Data records Start Marker

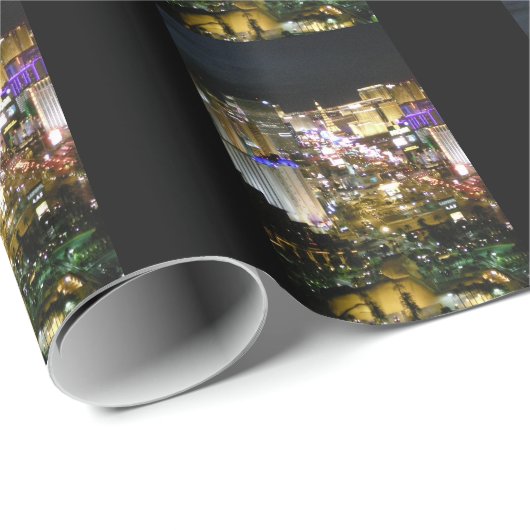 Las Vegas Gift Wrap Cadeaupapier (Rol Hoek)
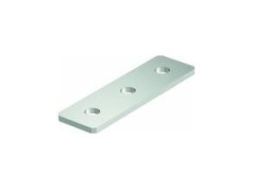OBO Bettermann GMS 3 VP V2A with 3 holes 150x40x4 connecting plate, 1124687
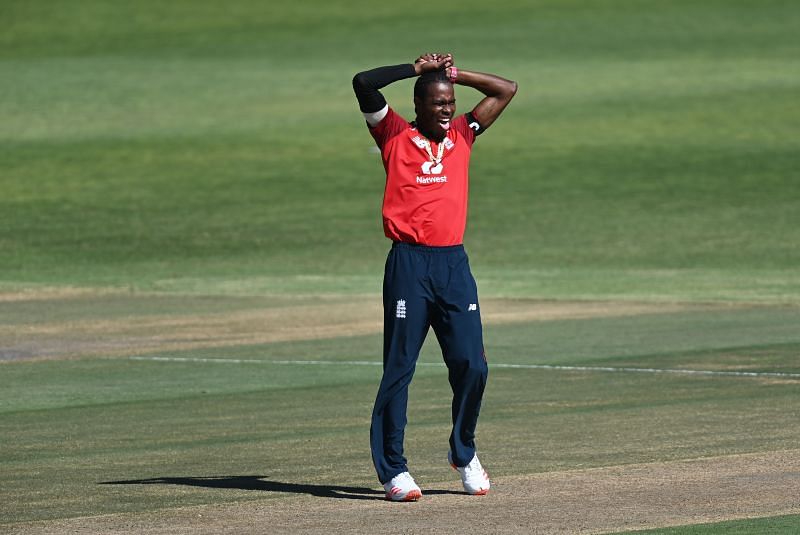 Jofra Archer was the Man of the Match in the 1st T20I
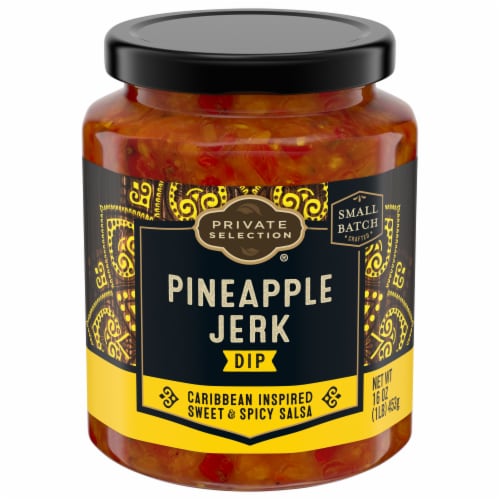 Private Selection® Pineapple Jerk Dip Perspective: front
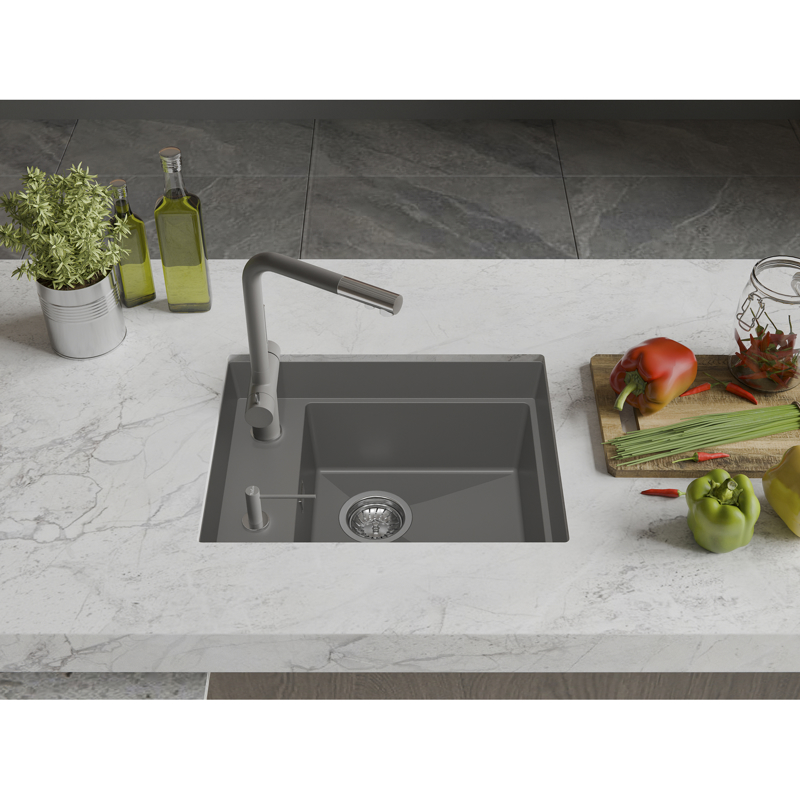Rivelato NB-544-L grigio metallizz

Data records End Marker
Data records Start Marker

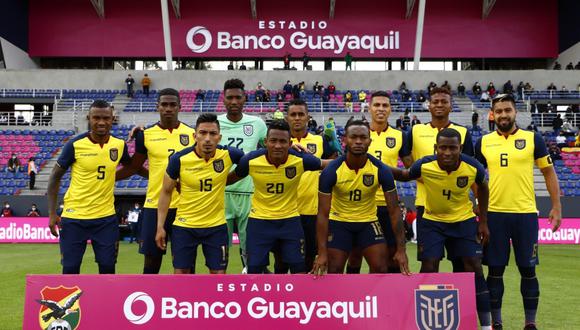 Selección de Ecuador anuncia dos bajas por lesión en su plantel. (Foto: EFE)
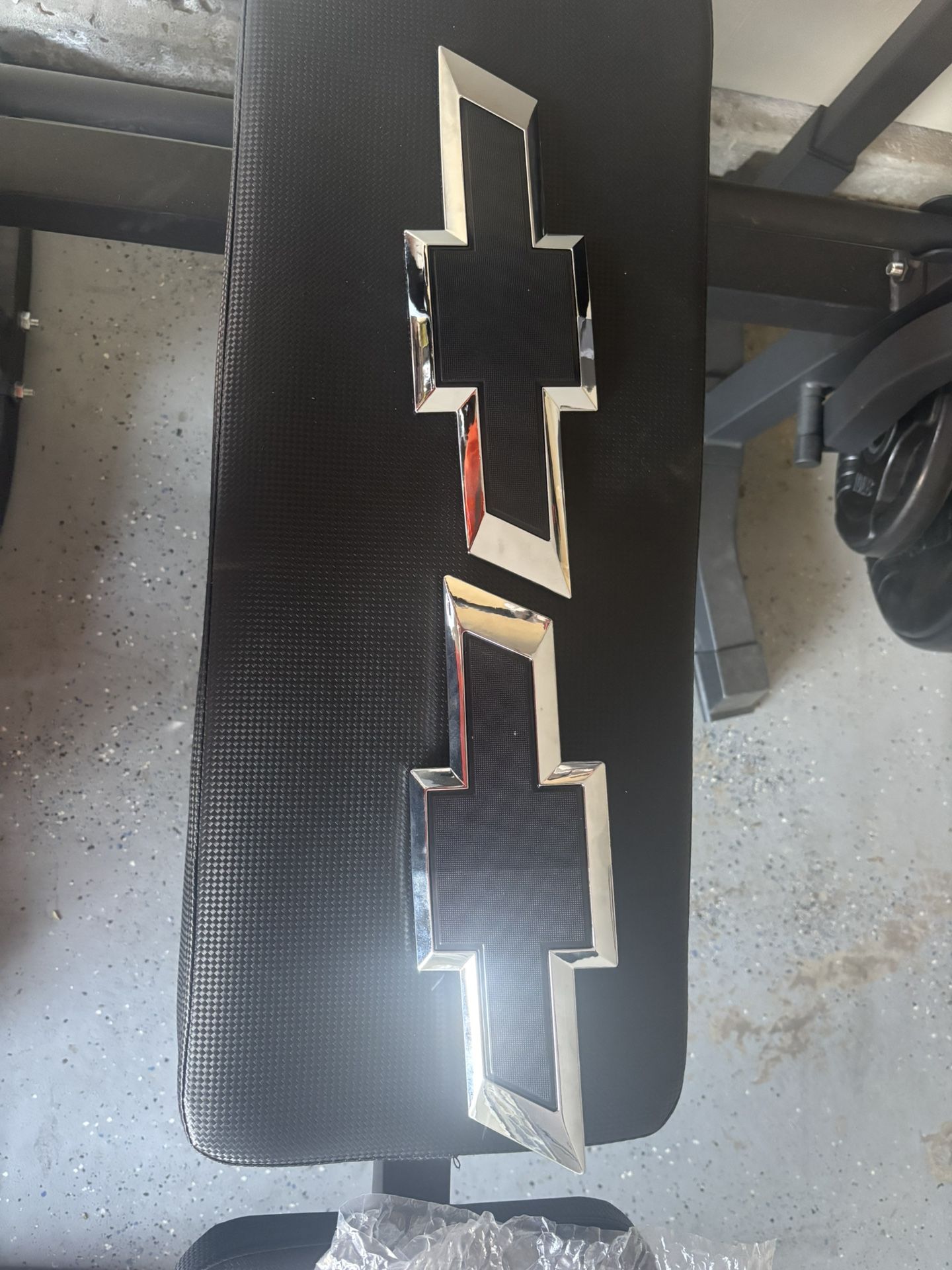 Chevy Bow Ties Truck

Data records End Marker
Data records Start Marker

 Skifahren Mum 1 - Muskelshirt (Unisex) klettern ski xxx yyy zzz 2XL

Data records End Marker

## Exercise aim
Give exactly the lines above that run from the line with "Las Vegas Gift Wrap Cadeaupapier (Rol Hoek)" to the line with "Rivelato NB-544-L grigio metallizz", both included, leaving every picture out.

## Response for this exercise
 Las Vegas Gift Wrap Cadeaupapier (Rol Hoek)
OBO Bettermann GMS 3 VP V2A with 3 holes 150x40x4 connecting plate, 1124687
 Jofra Archer was the Man of the Match in the 1st T20I
 Private Selection® Pineapple Jerk Dip Perspective: front
Rivelato NB-544-L grigio metallizz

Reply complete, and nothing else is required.